Akar Penindasan Perempuan dalam Ekonomi Politik

Lingkaran Solidaritas
7 min readMar 18, 2019

Oleh: Rahmad Hari dan M. Andy Dava

Kekerasan seksual terhadap perempuan masih saja langgeng dan berjalan sangat massif dalam lingkungan masyarakat hari ini. Seakan-akan kita sebagai masyarakat dibuat tidak tahu menahu dan acuh terhadap kasus tersebut. Tidak hanya itu, dalam institusi baik pendidikan, perusahaan, serta institusi yang dinaungi oleh negara mereka malah menutupi kasus kekerasan seksual tersebut.

Dari kebanyakan kasus, korban malah di salahkan sehingga menimbulkan traumatik tersendiri. Hal ini juga mengakibatkan adanya steorotip negatif pada korban di lingkup sosial masyarakat. Dapat kita lihat hal tersebut menjadi salah satu gambaran bawasannya posisi laki-laki menjadi sangat superior, dikarenakan mempunyai tawaran-tawaran yang membuat si perempuan tergiur.

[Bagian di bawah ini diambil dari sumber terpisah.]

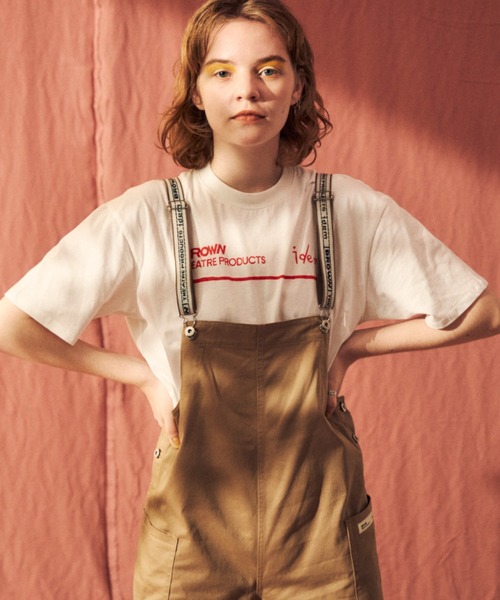 idem（イデム）の「Staff T-shirt【idem × BROWN THEATRE PRODUCTS】（Tシャツ/カットソー・レディース・ホワイト/ブラック/ベージュ・FREE）」の4枚目の写真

Budaya seperti ini yang sampai saat ini terpelihara dalam tatanan masyarakat kita, yang biasa disebut dengan patriarki, di mana si laki-laki sangatlah dominan terhadap perempuan. Akan tetapi apa yang membuat budaya seperti ini terjadi, apa penyebabnya?

Asal-Usul Budaya Penindasan Perempuan

Patriarki diambil dari kata “patriarch” yang artinya kekuasaan bapak, yang dimaksudkan di sini bahwa patriarki merupakan suatu sistem imajiner dan turun temurun meletakkan laki-laki dalam posisi tertinggi suatu struktur sosial. Menurut Walby patriarki adalah sebuah sistem struktur sosial dan praktik-praktik yang memposisikan laki-laki sebagai pihak yang mendominasi, menindas dan mengeksploitasi kaum perempuan.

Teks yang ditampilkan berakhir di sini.